If you live in a world where everything you need is freely available, greed looks like a form of insanity. Why would anyone want more than they need? The Earth provides an unlimited supply. Just as a mother provides her child with every possible need, the Earth does the same for all her children, humans along with all other creatures.

If you follow Natural Law you are not afraid of death. You see the natural cycles of death and rebirth all around you, in your parents and your children, in the winter’s dormancy and the new leaves of spring, the regeneration of every kind of new life. Indigenous people do not cling to life, they are not fearful, when they are burdens to their societies they simply leave. In every cycle of nature through their entire lives they have observed rebirth, reincarnation-death and decay transformed into new life – and they know that we are all part of this cycle.

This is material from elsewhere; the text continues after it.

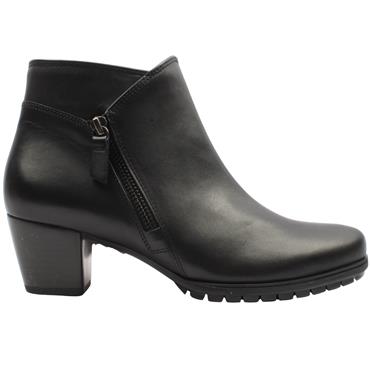 GABOR 803301 HEELED ANKLE BOOT - BLACK LEATHER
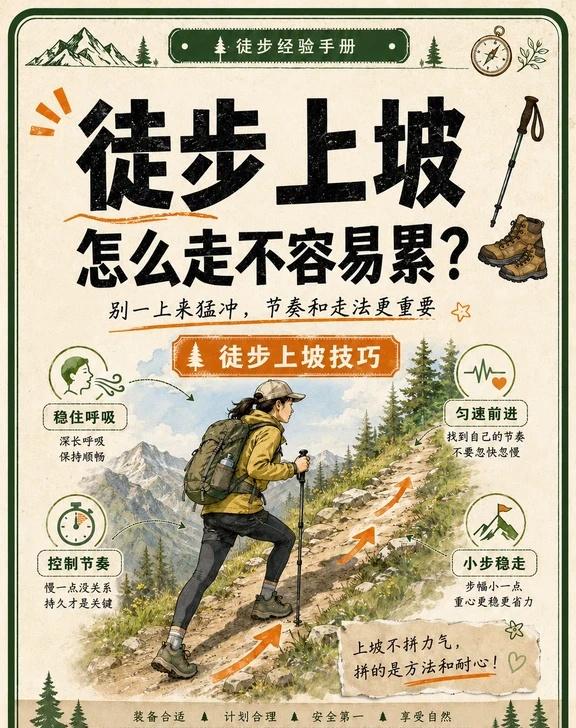 徒步上坡技巧｜徒步上坡怎么走不容易累？🌿很多人一到上坡就开始喘，不一定是体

Specific details of how this cycle operates are not important. Indigenous people don’t lie and make things up when they don’t know the complete answer. They don’t pretend or claim to know things they have no way of knowing. They don’t write down the ravings of those hearing voices and claim that these are the words of some ‘god’…because life is lived in balance, language develops with no negatives only positives. There is no word for lying, in the Lakota language one is incapable of insulting anyone or anything. In Natural Law there is a place for everything – where is the evil? There is no evil in nature. Living by Natural Law, we perceive fully through the senses, we develop a full and rich appreciation for the real world around us, for what we experience in everyday life. For reality.

LIVING BY NATURAL LAW

“I love people who have always made me welcome to the best they had…who are honest without laws, who have no jails and no poor-houses…who never take the name of God in vain…who worship God without a Bible, and believe God loves them also…who are free from religious animosities…who have never raised a hand against me, or stolen my property, where there is no law to punish either…who never fought a battle with white men except on their own ground…and oh, how I love a people who don’t live for the love of money!”

George Caitlein, artist, 1830s

As Hunter-Gatherers, we watch the fox and the bear. When they eat berries, they don’t eat all the berries on the bush. When bears eat honey, they don’t destroy the hive, they take some and move on. There is always enough left for regeneration. So we know better than to empty out a piece of land of its food. That’s how you live with Natural Law.

Hunter-Gatherers never empty out their supermarket. They cause no harm to their environment whatsoever. There is no such thing as famine among hunter-gatherers because the sources of food are incredibly varied. They know where the water is – Mother Earth is their cornucopia, with all types of animals, vegetables and fruits available in every season. Hunter-gatherers know about storing food as well, both dried foods and using cellars. They knew the plants that were good for medicine, and where to find them.

With so little time required to devote to their own survival, hunter-gatherers had the freedom to care for themselves and for their families. They had time to bathe, to clean their teeth, to groom themselves and each other. To live by Natural Law, without conflict. There is no conflict in Natural Law. There is no evil.

If you think about it, when a child is born, where in the world is there evil? A bear or a mountain lion, killing and eating whatever they eat, is no more evil than a human who eats what humans eat. We are mindful of everything in the natural world that we use in the course of our lives. We offer thanks to the tree that we cut for use as a tipi pole. When you revere a plant, when you revere animals, it’s easy to see there isn’t any evil in the natural world.

Every good thought is a prayer. That is what we believe. That is why we don’t have church. Life is church, the Universe is our temple. To be conscious of the well-being of the Little People – what we call insects – that’s a form of prayer.